If you look close at the strap, I folded it neatly in the clamp in a way that it protects itself when tightened up good. It was a pain to get it just right but the end result is, it most likely won't break. One more shot.


----------



## Dave T (Feb 11, 2009)

Thanks man... appreciate it! Thumbs Up


----------



## ALC-GregH (Nov 26, 2008)

Dave T;1545554 said:


> Thanks man... appreciate it! Thumbs Up


No problem. The "D" ring is stainless by the way. It's easier to unscrew the pin versus normal steel that rusts after a bunch of use.


----------



## Dave T (Feb 11, 2009)

ALC-GregH;1545730 said:


> No problem. The "D" ring is stainless by the way. It's easier to unscrew the pin versus normal steel that rusts after a bunch of use.


Yep... thought it was. I try and use all stainless whenever possible and figured you do the same.

Thanks again!


----------



## irv (Oct 20, 2010)

ALC-GregH;1545544 said:


> Hi Dave, yes on the duct tape. I actually never have taken it off. I rarely use the atv for recreation anymore and under normal conditions, I'm never in a predicament that I need to winch the atv out.
> 
> If you look close at the strap, I folded it neatly in the clamp in a way that it protects itself when tightened up good. It was a pain to get it just right but the end result is, it most likely won't break. One more shot.


put the plastic shield back on your power pivot. makes it look pretty!--irv


----------



## ALC-GregH (Nov 26, 2008)

irv;1547044 said:


> put the plastic shield back on your power pivot. makes it look pretty!--irv


Merry Christmas Irv. The plastic cone is on it. If you mean the motor, it didn't have anything to cover it, just the bigger cone. I did use flat washers to hold it down since it would pop up all the time and then the keys would pop out and get buried in the snow. :realmad: That's why I made the bracket assembly with the keys welded in place, I can just unbolt the plate (4 bolts) if I need to disassemble for any reason.


----------



## livergsp (Aug 13, 2011)

*This work too*

http://www.amazon.com/Curt-Manufact...F8&qid=1356711329&sr=8-3&keywords=Winch+Strap


----------



## irv (Oct 20, 2010)

ALC-GregH;1547178 said:


> Merry Christmas Irv. The plastic cone is on it. If you mean the motor, it didn't have anything to cover it, just the bigger cone. I did use flat washers to hold it down since it would pop up all the time and then the keys would pop out and get buried in the snow. :realmad: That's why I made the bracket assembly with the keys welded in place, I can just unbolt the plate (4 bolts) if I need to disassemble for any reason.

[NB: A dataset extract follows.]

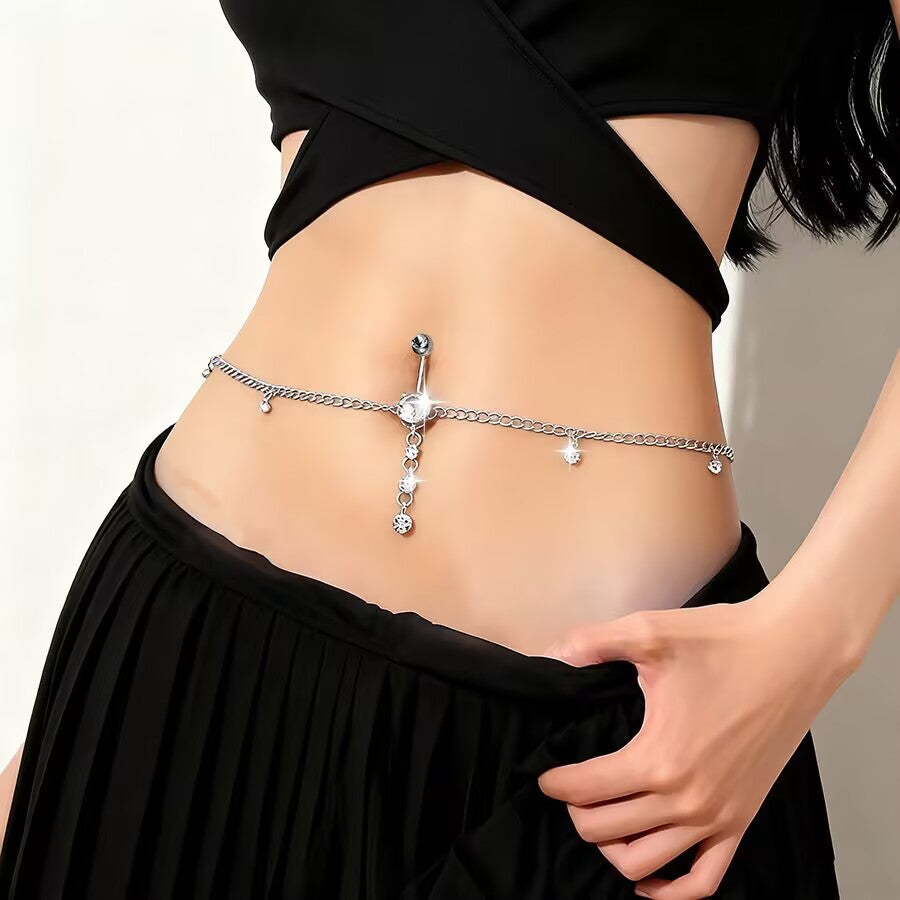 Close-up of dangling belly button ring waist chain accentuating slim waist line.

sorry. guess it didnt show well to my old eyes. just funnin!
i did buy the latest keys and just ran cable ties through them.
have a great 20131


----------



## champ3jd (Dec 16, 2005)

great setup Dave T


----------



## MTV712 (Oct 24, 2005)

Need some help!!! I have a polaris 500 with the polaris plow assembly and blade. As you know i can only raise and lower my blade. Are there any available plows that would allow me to replace current assembly and blade with one with an assembly i could attached to my polaris that would have give me the 4 functions (up,down, right,and left)?


----------



## ALC-GregH (Nov 26, 2008)

Take your pic. Most plows have options for power angle. The new BOSS plow is hydro powered up/down left/right.


----------



## irv (Oct 20, 2010)

same strap. 4th season. doesnt even look warn[no pun intended. i
have a warn plow setup].
on another subject, how have your power pivots held up?
ive had mine since 07 when they first came out. lubed only
so far.


----------



## BOWCHIEF (Feb 7, 2009)

I like the strap method. Any of you strap users have it freeze on the winch, say, after it's been retracted wet? That would be my only concern. Probably wouldn't take much to unspool it if it did freeze. I'm probably just over thinking it.


----------



## ALC-GregH (Nov 26, 2008)

irv;1733008 said:


> same strap. 4th season. doesnt even look *warn*[no pun intended. i
> have a warn plow setup].
> on another subject, how have your power pivots held up?
> ive had mine since 07 when they first came out. lubed only
> so far.


 Should be a "O" in there but we get the idea. LOL



BOWCHIEF;1760208 said:


> I like the strap method. Any of you strap users have it freeze on the winch, say, after it's been retracted wet? That would be my only concern. Probably wouldn't take much to unspool it if it did freeze. *I'm probably just over thinking it*.


WAY..... LOL


----------



## RichTJ99 (Feb 6, 2012)

Do you guys have a parts list for that? I have a RT25 warn winch & want to do something like that. I got a synthetic line last season & it is almost broken. I need something pretty quick I think!


Where can I buy it?


----------



## Doughboy12 (Oct 15, 2014)

livergsp;1549782 said:


> http://www.amazon.com/Curt-Manufact...F8&qid=1356711329&sr=8-3&keywords=Winch+Strap


This....
Available at any boat store or outdoor/fishing/hunting store...


----------



## Matt0644 (Oct 15, 2012)

Doughboy12;1943479 said:


> This....
> Available at any boat store or outdoor/fishing/hunting store...


How do you secure it to the drum? I have a Warn 2.5ci. And keep having the Syn rope break, not very happy with the rope.


----------



## sublime68charge (Dec 28, 2007)

I think just some duct tape and if you get 3 wraps around the drum the wraps are what take up the tension and hold in place.

Just my thoughts


----------



## Doughboy12 (Oct 15, 2014)

sublime68charge;1945722 said:


> I think just some duct tape and if you get 3 wraps around the drum the wraps are what take up the tension and hold in place.
> 
> Just my thoughts


This......:salute:


----------



## Doughboy12 (Oct 15, 2014)

Matt0644;1944248 said:


> How do you secure it to the drum? I have a Warn 2.5ci. And keep having the Syn rope break, not very happy with the rope.


It's not the rope....it is the bending cycles. Ropes don't like to be used like that and especially synthetic ones. Like taking a wire and bending it back and forth..only takes so many to break it. The synthetics also can't tolerate the nicking that a steel wire rope can.

(Its a bit more involved than that but you get the idea.)


----------